Sem os confetes da Previdência, Guedes bateu bumbo em torno da reforma administrativa que sempre prometia enviar na semana seguinte. Como um bobo da corte, demorou a entender que seu chefe jamais pretendeu mexer nesse vespeiro.
Restou a tributária, já avançada na Câmara e no Senado, para a qual Guedes tirou da cartola um projeto praticamente idêntico ao anunciado em setembro do ano passado, e que não se efetivou. É quase inacreditável que em um ano e meio ele e sua equipe não tenham conseguido sequer escrever um projeto de reforma, quanto mais tirá-lo do papel.
Na época, além do IVA (Imposto sobre Valor Agregado) e da fusão de tributos como o PIS/Cofins, o ministro defendia a CPMF repaginada, com alíquota de 0,4%. Agora, bonzinho, diz que seria baixinha, de apenas 0,2%. E só para transações digitais. Como se os produtos comprados pela internet fossem isentos de impostos. Pior: como se o cidadão, que não tem contrapartida decente aos impostos que paga, aceitasse entregar ao governo um único centavo a mais.

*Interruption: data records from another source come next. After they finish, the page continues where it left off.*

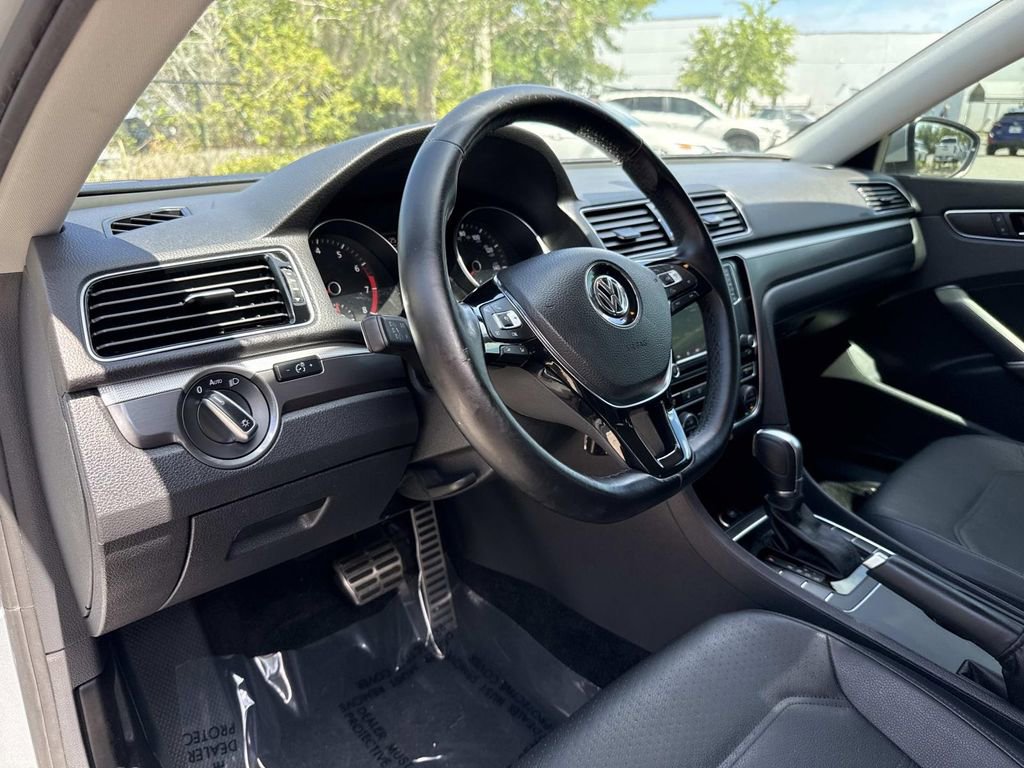 Used 2018 Volkswagen Passat 2.0T R-Line w/ R-Line Lighting Package FWD image 26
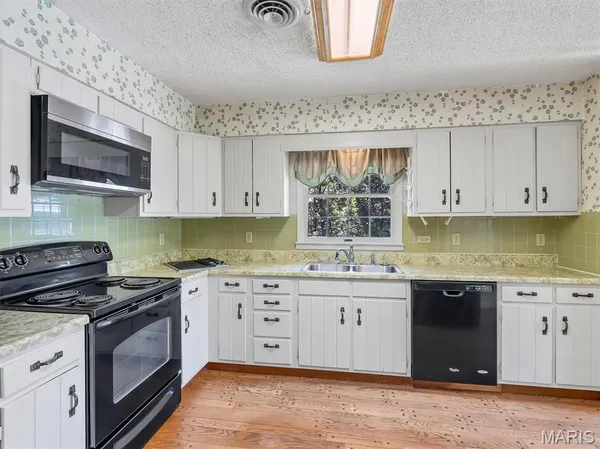 $350,000 | 31 El Viento Drive, Washington, MO 63090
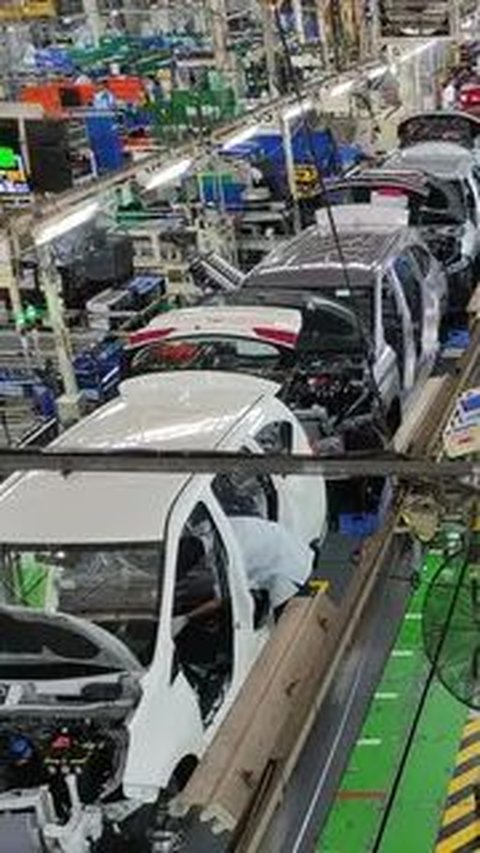 Produksi Global Toyota Turun pada Mei 2024, Gara-gara China?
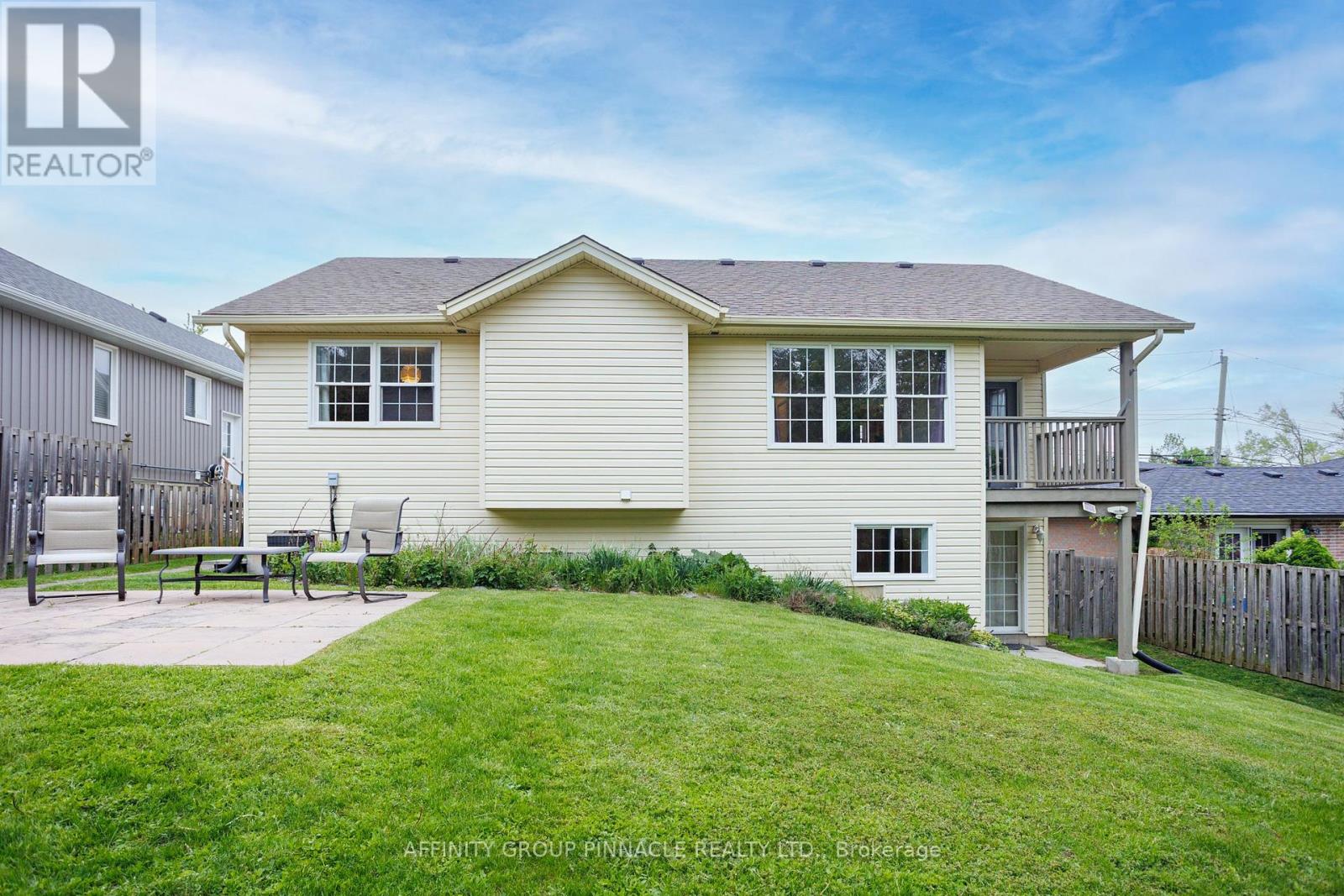 10 Champlain Boulevard, Kawartha Lakes, Ontario  K9V 0H9 - Photo 28 - X12360216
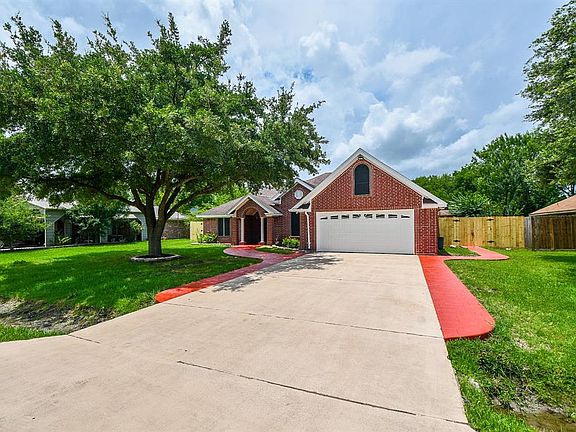 2nd image of 2419 Gladiola St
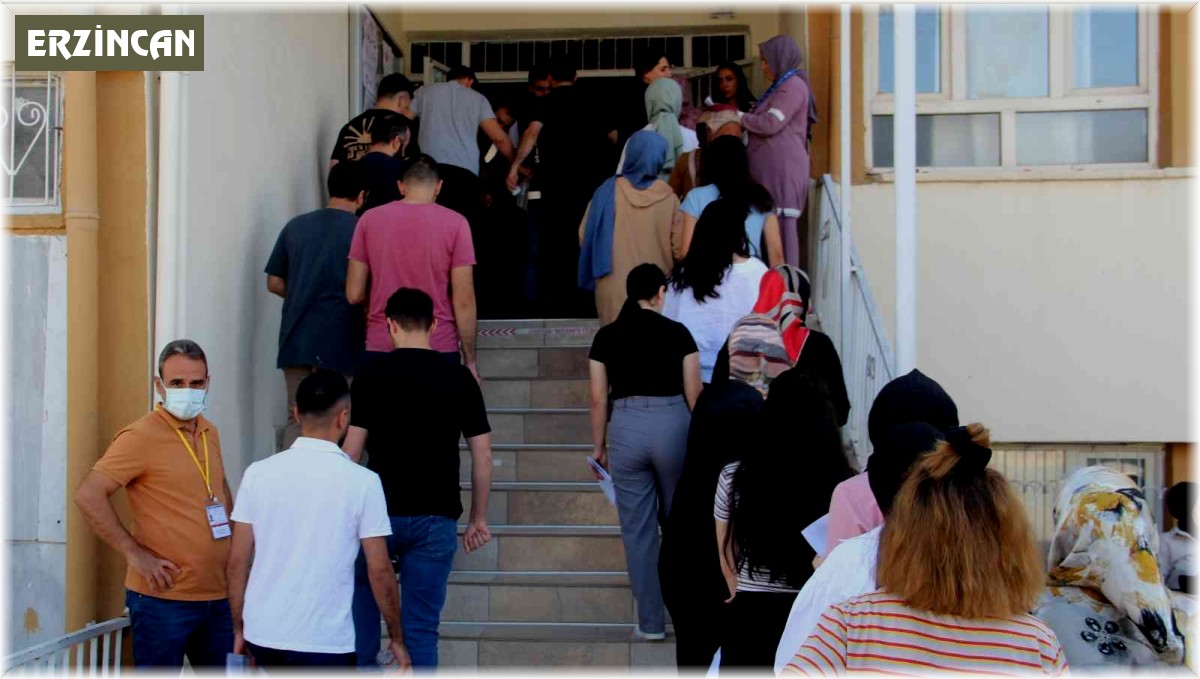 KPSS'ye polis yetiştirdi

A proposta é de todo indecente.
O ponto de partida para executá-la foi o veto do presidente à prorrogação da desoneração da folha de pagamentos, na contramão do que fora acordado com o Congresso. Paralelamente, Guedes tenta atrair empresários com garantias de que seu projeto de reforma, financiado pelo novo imposto, prevê alívio maior. Aos parlamentares neoaliados, a oferta do governo é de parceria autoral no Renda Brasil.
O setor produtivo desconfia. Escaldado, prefere ter um pássaro na mão a crer no sucesso de um novo tributo que ninguém, nem mesmo Guedes, sabe explicar como seria efetivado, e que tem chances reduzidas de aprovação. Sem saída para fortalecer a economia e ofertar a Bolsonaro as prometidas condições para a reeleição, o ministro vai insistir na tecla.
Ao Congresso cabe derrubar os vetos do presidente, fazendo valer seu poder institucional, e impedir a criação do tributo eleitoral. Do contrário, se curvará a quem só se importa com a renovação de seu mandato. Que, incapaz, não apenas virou as costas ao país como elegeu um caminho sórdido: transferir a conta de sua incompetência para a pandemia.